[Extracted data entries]
★ ★ ★
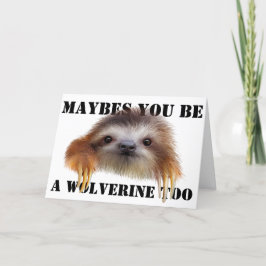Misschien ben je een Wolverine Too Birthday Kaart 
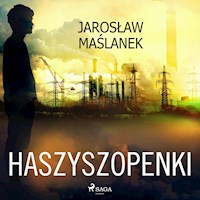 Haszyszopenki - Jarosław Maślanek - ebook + audiobook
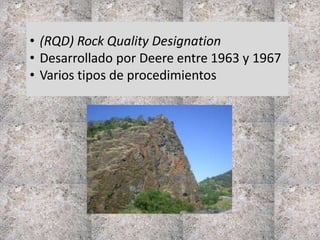 • (RQD) Rock Quality Designation
• Desarrollado por Deere entre 1963 y 1967
• Varios tipos de procedimientos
★ ★ ★
Work instruction
Give an exact copy of every line from the one holding "1963 y 1967" through the end of the records, both included, and no other lines.

Solution
• Desarrollado por Deere entre 1963 y 1967
• Varios tipos de procedimientos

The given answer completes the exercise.